Toujours se battre, toujours y croire

Ce qui a peut-être le plus marqué dans les déclarations d’après-match de Djokovic, c’est son insistance sur le fait que la foi ne l’a jamais quitté, même lorsque le doute s’est installé.

« Je n’ai jamais cessé de me remettre en question », a-t-il confié. « Mais je n’ai jamais cessé d’y croire. C’est là toute la différence. »

Dans un sport dominé par la jeunesse et un athlétisme explosif, Djokovic continue de s’appuyer sur la discipline, l’adaptation et une compréhension du jeu sous pression sans équivalent. Son bilan à l’Open d’Australie — 104 victoires pour seulement 10 défaites — parle plus fort que n’importe quelle analyse extérieure.

Dix titres à Melbourne figurent déjà à son palmarès. Dimanche, il jouera pour un onzième, un exploit inédit.

Une finale pour l’histoire : Djokovic vs Alcaraz

De l’autre côté du filet se dressera Carlos Alcaraz, numéro un mondial et visage du nouveau tennis. L’Espagnol a atteint sa première finale à l’Open d’Australie après avoir survécu à une demi-finale historique de 5 h 27 face à Alexander Zverev — le troisième match le plus long de l’histoire du tournoi.

Ce sera la troisième finale de Grand Chelem entre Djokovic et Alcaraz, l’Espagnol ayant remporté les deux précédentes à Wimbledon en 2023 et 2024. Le face-à-face global penche légèrement en faveur de Djokovic (5–4), même si Alcaraz a gagné trois de leurs cinq duels en Grand Chelem.

Ce qui rend cette finale irrésistible, ce n’est pas seulement l’opposition entre expérience et jeunesse, mais l’incertitude.

Djokovic vise un 25ᵉ titre du Grand Chelem, qui le placerait seul devant Margaret Court dans la hiérarchie historique. Alcaraz, lui, a l’occasion de compléter le Grand Chelem en carrière et de devenir le plus jeune joueur de l’histoire à y parvenir.
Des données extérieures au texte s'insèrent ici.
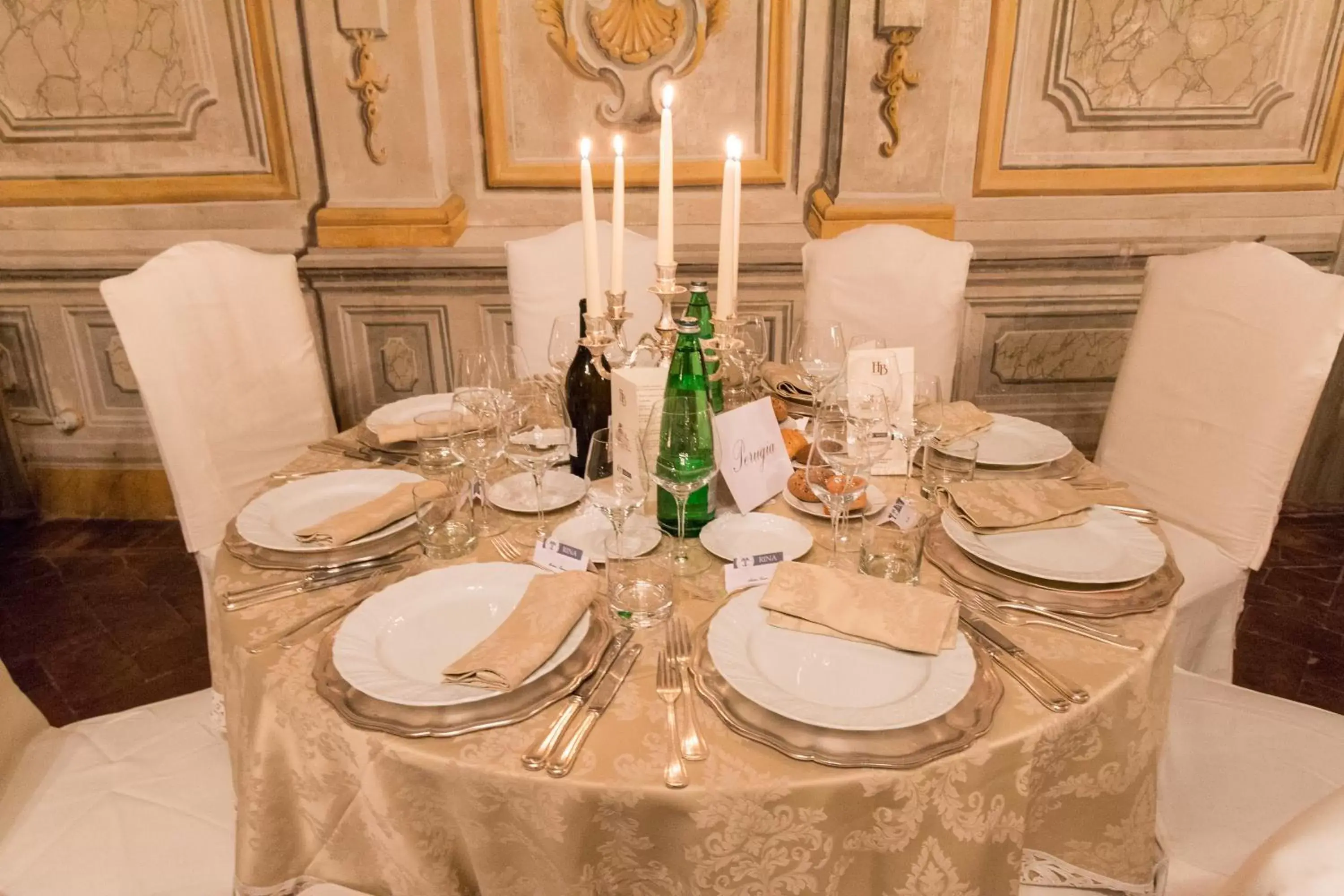 Banquet/Function facilities, Restaurant/Places to Eat in Hotel Bramante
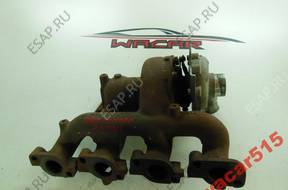 ТУРБОКОМПРЕССОР  FORD MONDEO 2.0 TDCI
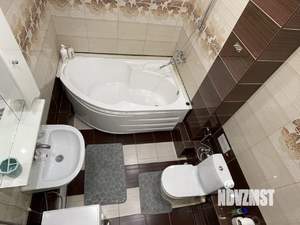 1-к квартира, посуточно, 45м2, 9/15 этаж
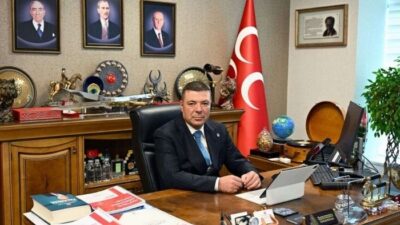 MHP Genel Başkan Yardımcısı Özgür Bayraktar, Türkiye’nin 2025 yılı Ar-Ge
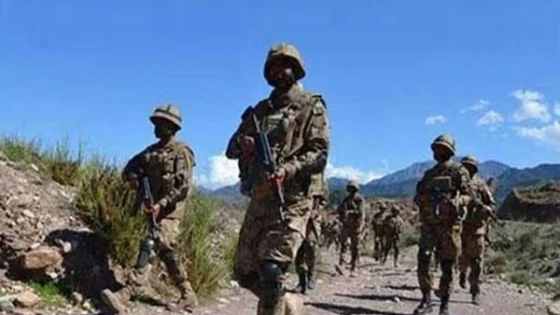 منگی ڈیم حملے کے بعد بلوچستان میں آپریشن شعبان جاری، 5 روز میں 79 دہشت گرد ہلاک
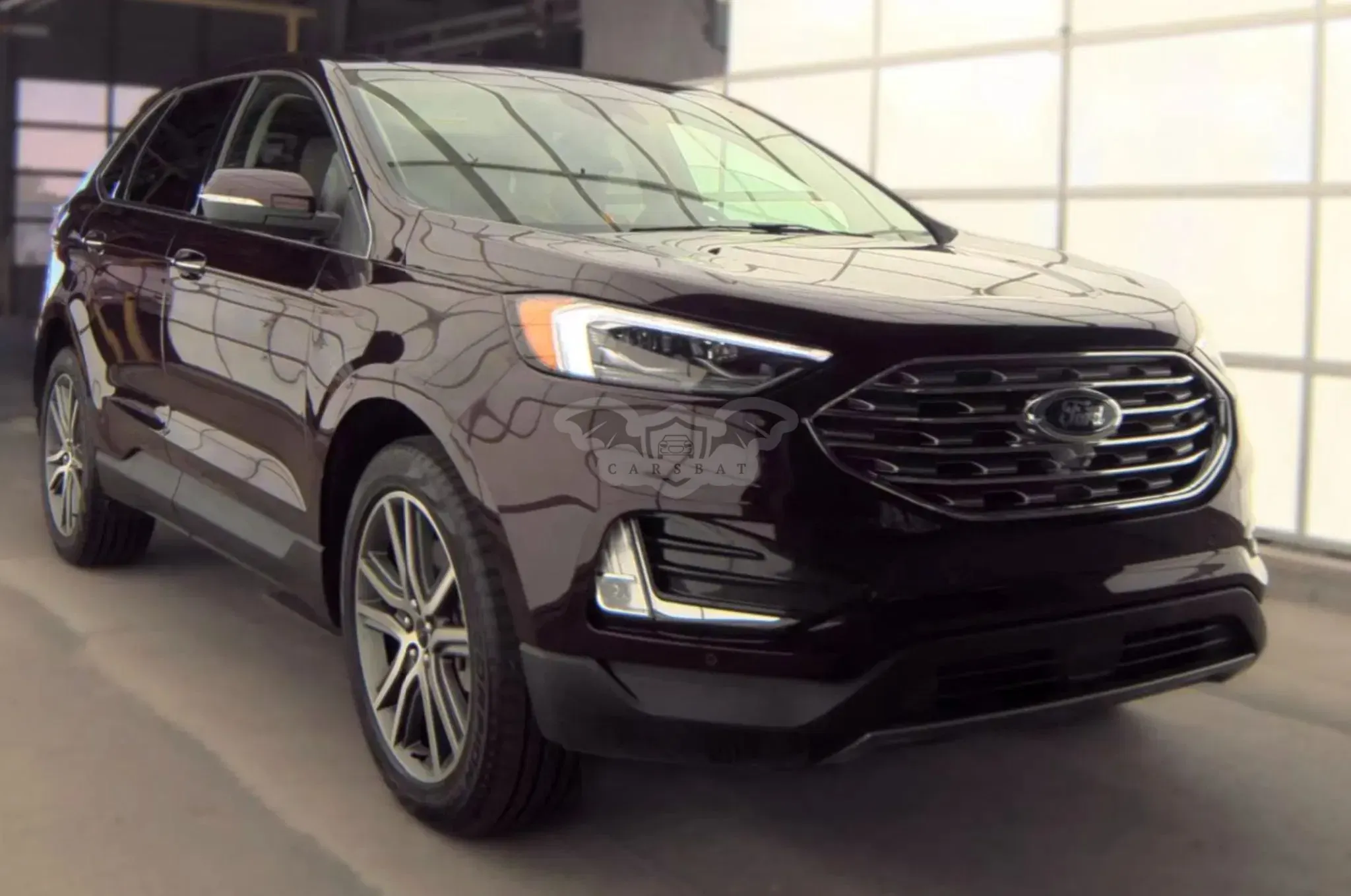 Ford Edge 2023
Des chiffres qui définissent deux époques

Les statistiques illustrent l’ampleur du moment :

  • Djokovic à l’Open d’Australie : 104–10, 10 titres
  • Alcaraz à l’Open d’Australie : 17–4, première finale
  • Finales de Grand Chelem (Djokovic) : 38
  • Finales de Grand Chelem (Alcaraz) : 6 titres en 6 finales

La longévité de Djokovic est stupéfiante. Depuis ses débuts à Melbourne en 2005, il a été une présence quasi permanente en deuxième semaine. Alcaraz, à l’inverse, incarne l’efficacité pure : moins d’apparitions, un impact maximal.

Bien plus qu’un trophée

Pour Djokovic, cette finale ne se résume pas à soulever une coupe. Il s’agit d’un défi.

Chaque saison, les spéculations deviennent plus bruyantes. Chaque faux pas est interprété comme un signe de déclin. Et chacune de ses réponses devient, inévitablement, un nouveau rappel de la raison pour laquelle il a duré plus longtemps que tous les autres.

« Je suis toujours là », semble dire Djokovic — non pas avec arrogance, mais avec conviction.

Qu’il gagne ou non dimanche, son message après la demi-finale est limpide : le sous-estimer reste une erreur dangereuse.

Les experts ont peut-être voulu le voir partir.

Novak Djokovic, lui, n’a tout simplement pas fini d’écouter.